- Brief -
Where the listing below has a line with "Ліфтбек Tesla Model S 2015 в Житомирі", write out exactly that line and every line after it, stopping after the line with "3 Story, 2 Bedrooms Townhouse - Photo 2".

- Data for processing -

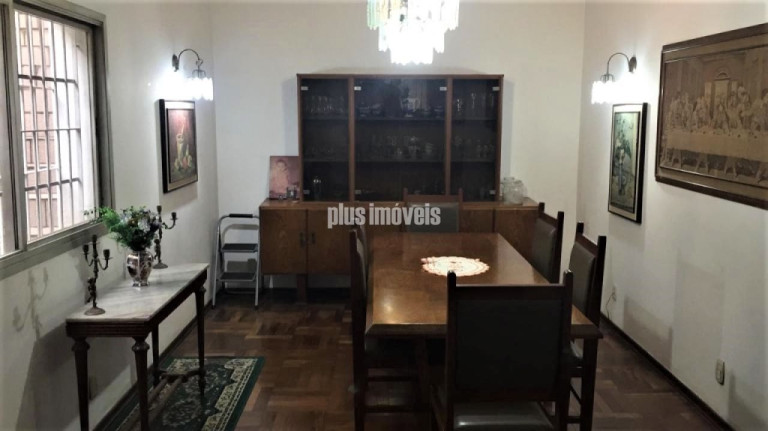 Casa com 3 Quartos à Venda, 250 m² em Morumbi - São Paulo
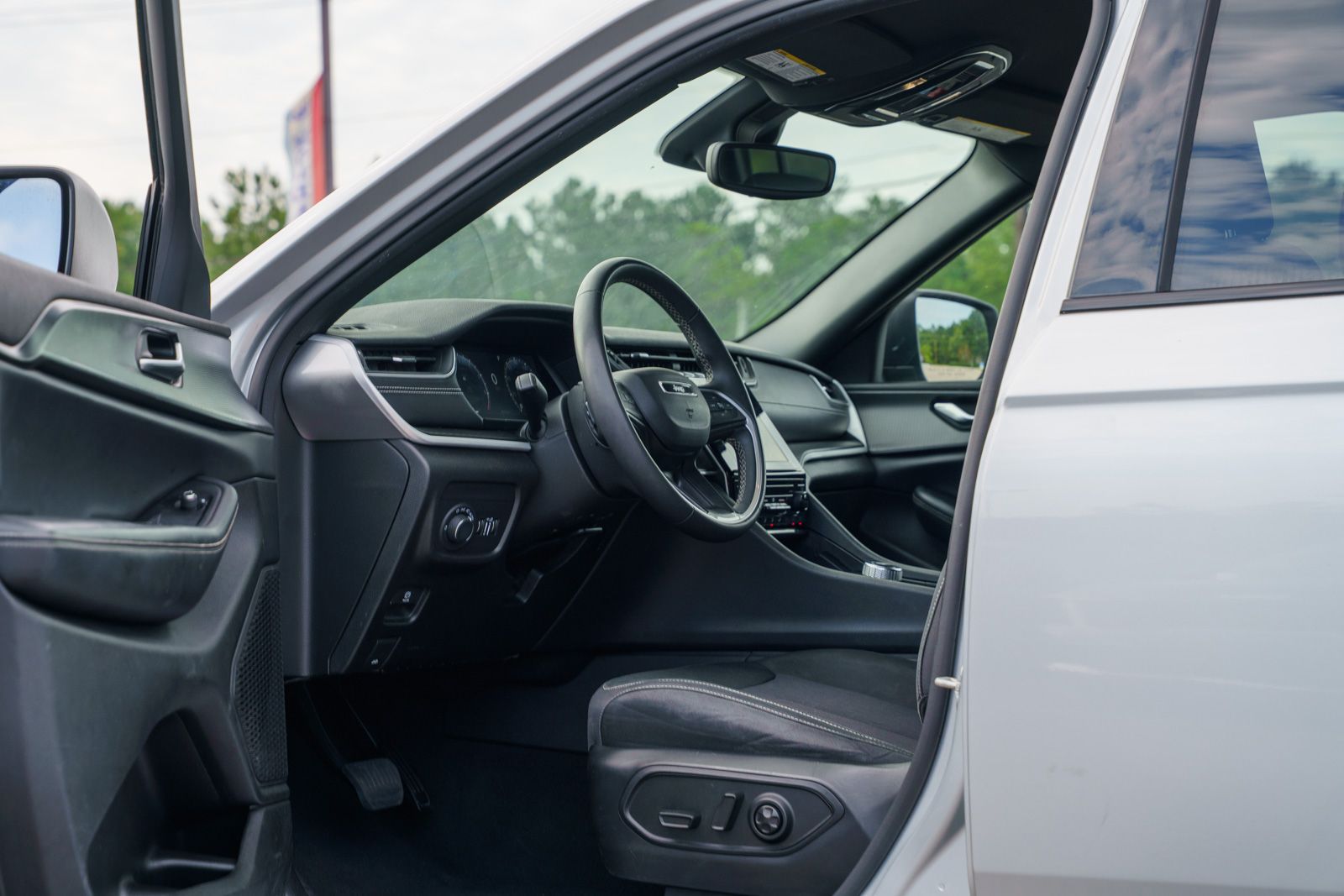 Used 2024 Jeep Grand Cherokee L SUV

---

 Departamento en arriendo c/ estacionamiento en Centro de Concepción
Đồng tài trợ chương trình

...

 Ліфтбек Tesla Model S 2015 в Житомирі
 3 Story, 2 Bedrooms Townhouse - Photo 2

- Output below -
 Ліфтбек Tesla Model S 2015 в Житомирі
 3 Story, 2 Bedrooms Townhouse - Photo 2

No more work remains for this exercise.